对于重新发现日本的中国人而言,实质上以消费电子和汽车产业大公司,以“经济动物”,来标定日本竞争力和价值的思维,已经毫无意义。
在一个所谓“失落的十年”之后,“复兴的日本”让中国人必须抛弃之前自认为日本时代已经终结的愚蠢的“错觉”,重新转向日本探求“未来之法”。
―――题记
六年前,当迈克尔·波特,发问“日本还有竞争力吗”之时,的确中国人的“日本观”已经发生了相当深刻的变化。
无疑,中日之间20年脉络的大变迁中,一个重要的事实是:一个上世纪80年代之日本形象在中国彻底消失,不可能再恢复,而由另一个“庞杂而可怕”的日本形象将其取代。
一个曾经以“阿信的故事”风靡中国的日本,一个以《排球女将》震撼中国的日本;一个以茶道和插花,以秩序和清洁而让中国人欣赏的日本,一个在战后废墟上,以“日本制造”而崛起,甚至挑战“美国世纪”,而让中国人佩服的日本,消失了。
对于在一场巨大的浩劫之后,痛感自己落后,渴望复兴的中国而言,那些艰苦卓绝的创业努力,令人赞赏,那种坚忍卓绝的民族精神,学习世界先进文明的心态,以及成功崛起的道路,无疑是值得思考和学习的榜样,日本充分展现了它所具有的历史坐标式的魅力和意义。
但仅仅十年之后,在中国凭借“世界工厂”式道路崛起的背景下,这一“共识的日本”就面目全非:中日之间充满血与火的历史隧道和争吵不休的现实被打通,双方在历史和价值观上相互“仇视”,极端强悍的民族主义被引燃。

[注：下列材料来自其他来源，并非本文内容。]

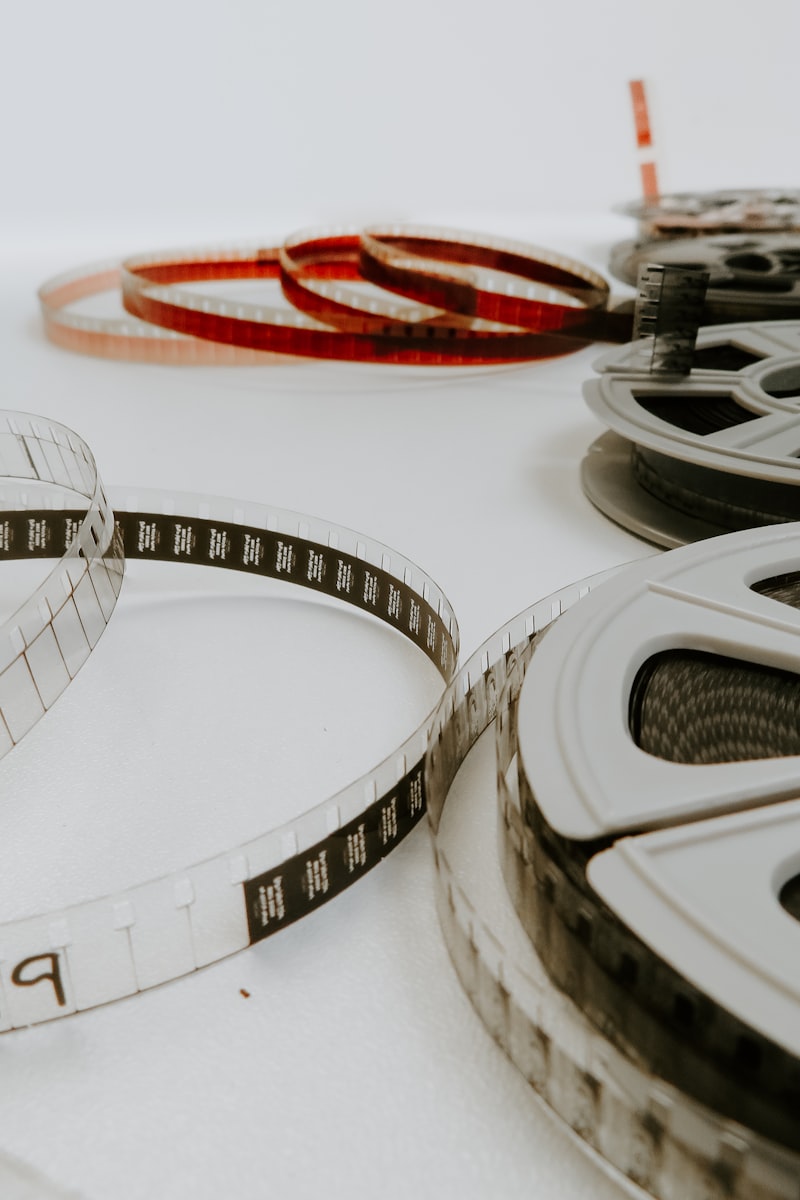 犯罪短剧《沉默的真相》海报，昏暗灯光下的法庭场景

一个与美国国家战略捆绑的日本,越来越视为中国崛起道路上的“战略对手”。
在“大国崛起”与民族主义汹涌的今天,中国人的“日本观”的确要何去何从?这不能不令人思考与反省。
20多年来,对于一个从通向莫斯科的道路和内乱中猛醒的中国,他们看到的高度成功的日本,似乎提供了一种不用实施纯粹的“西方制度”,就能跻身拥有强大竞争力的现代国家之列的可能。

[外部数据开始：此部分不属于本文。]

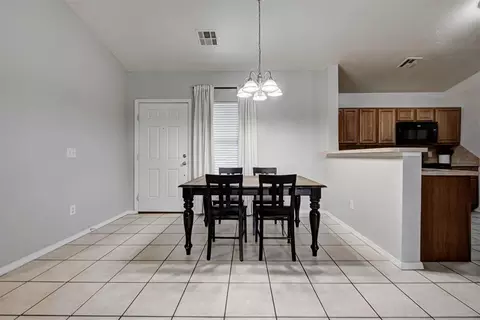Dining - 724 Grickle Dr, Norman, OK 73069 photo 1 of 3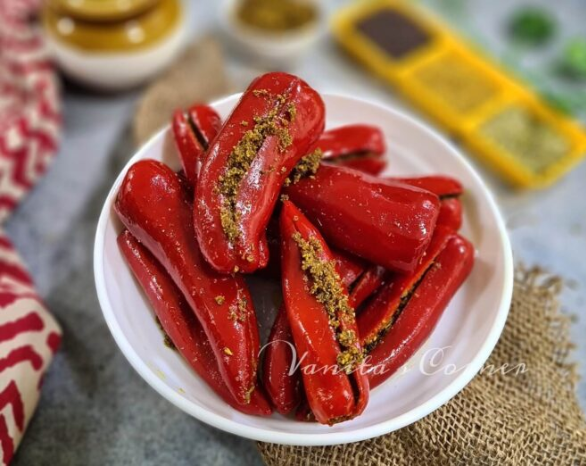 Lal Mirch Bharwa Achar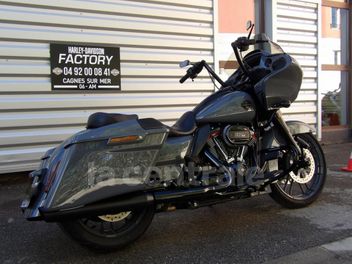 HARLEY DAVIDSON TOURING ROAD GLIDE 1923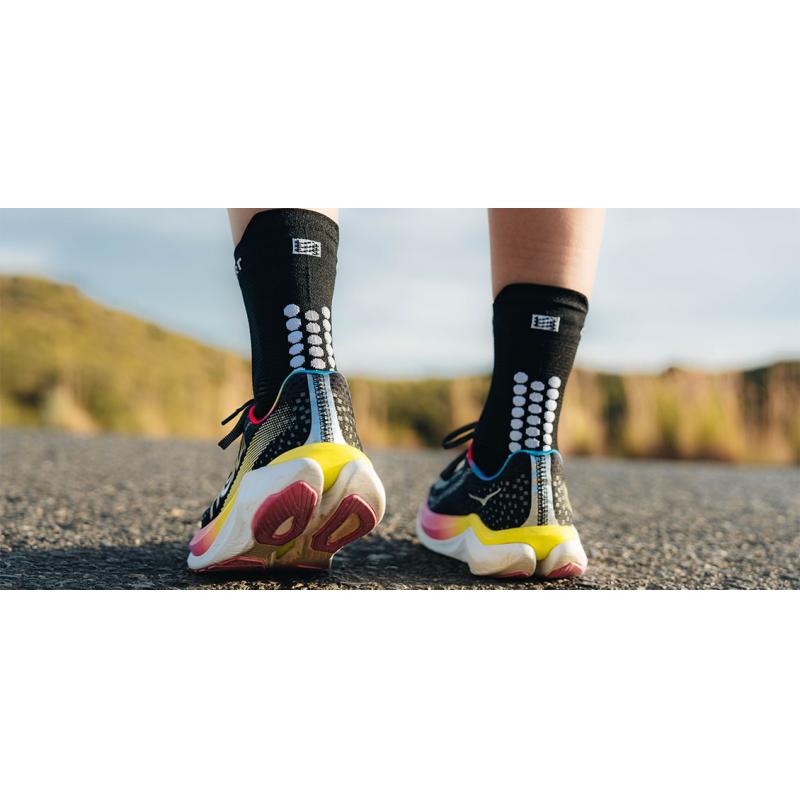 Compressport PRO RACING SOCKS V4.0 RUN HIGH Black/White - Bilde 3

在近代的“世仇”与“战后”崛起的神话之间,中国的“精英”,曾韬光养晦地看到日本对于中国现代化的经济角色,强大的资本、技术、企业的好处,而搁置更深层的中日历史和价值的东西。实际上,对于中国的现代化选择而言,日本就是一面镜子,其中可以折射出中国对于“现代”的误读,对于正在凭借“世界工厂”而在公司世界竞争力体系中兴起的中国,日本也是最可靠的标尺,能够衡量其高度和限度。
正如,日本模式中曾根深蒂固的强势政府操控,在一个“失落的10年”中,成为被饱受批评的旧秩序,而在这之前却被中国“精英”一再解读为独特的日本竞争力的来源。问题是当时为什么那样解读日本?因为,中国同样对国家力量主导现代化充满眷顾。我们对于现代文明主流的价值观,大半是在经济利益的链条上和实用主义中兜着圈子。

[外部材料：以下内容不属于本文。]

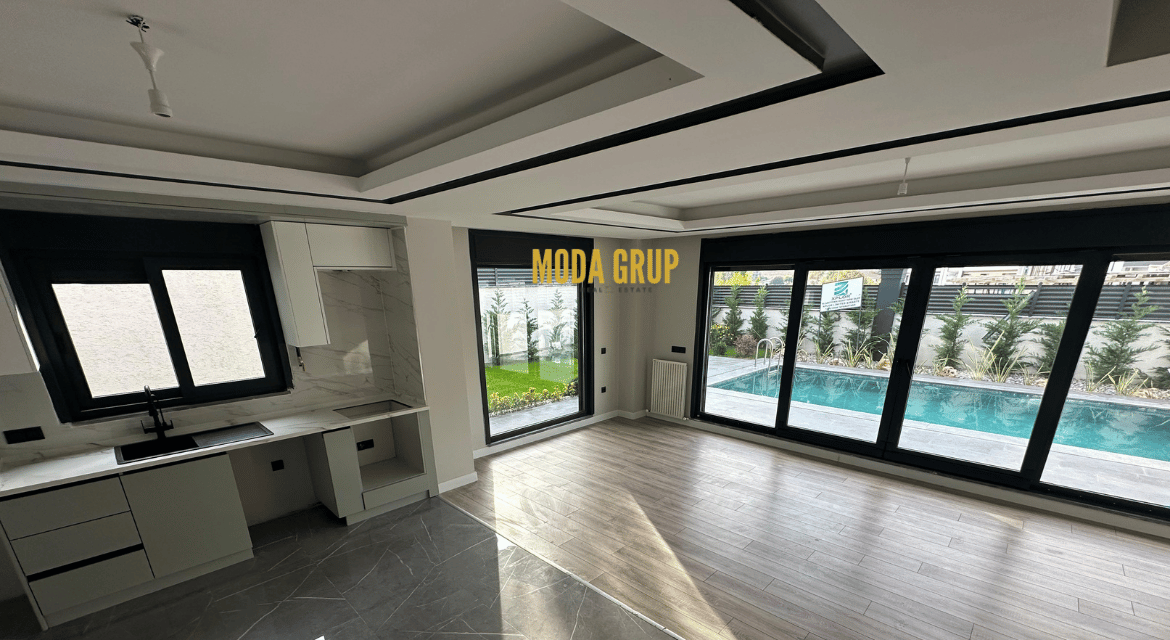 Luxury 5+2 Villa for Sale in Beylikdüzü Istanbul | Sea View, Private Pool & Turkish Citizenship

同样,在20多年的商业史上,中国企业界期许成为“中国的索尼”,成为“中国的盛田昭夫”的声音曾不绝于耳,但当索尼这样的消费电子标杆企业陷入危机,法国人卡洛斯·戈恩以“拯救者” 的身份降临日产之时,当年之“日本偶像”早就被从公司的墙上摘下,换成了美国超级CEO杰克·韦尔奇,或者新经济英雄们“革命者”式的画像。
但问题是为什么经历20年之久,中国公司最终并没有真正学习到“日本制造”成就的“精益制造”精神?反而在“比较优势”的“迷雾”中,甘愿在“中国式成本”的竞争力迷思之中“自慰”?
而在所谓“大国崛起”的环球“合唱”中,一个尴尬的事实是,“苦大仇深”的“中国制造”,依旧痛苦于无法步入产业和公司价值的“新世界”,依旧在“旧世界”之中挣扎,无法与“日本制造”所成就的世界级品牌高度比肩。另一个尴尬的事实是,“公司中国”依旧只能在大国的GDP盛宴中赢得世界的注目,其沉溺于对西方管理潮流“生吞活剥”的现实,所谓“中国式管理”虚妄无力的现实,都无法与日本公司崛起之时,其商业、管理思想和体系引起西方的震动与热忱的研究、学习浪潮比肩。
但曾经渴望创造历史的中国人物,为什么“求道”而不得道,“求法”而不得法?
我们可能在“实用主义”中走的太远,不求甚解,我们的困境也在于缺乏真正基于事实的探究,便沉溺于方法论的喧嚣,而且容易被流行的观念俘获。
回到源头,对于“日本以及日本公司为什么能成就当年的高度”,我们的追问可能从来都没有那么一贯深入,我们的答案可能迄今都似是而非。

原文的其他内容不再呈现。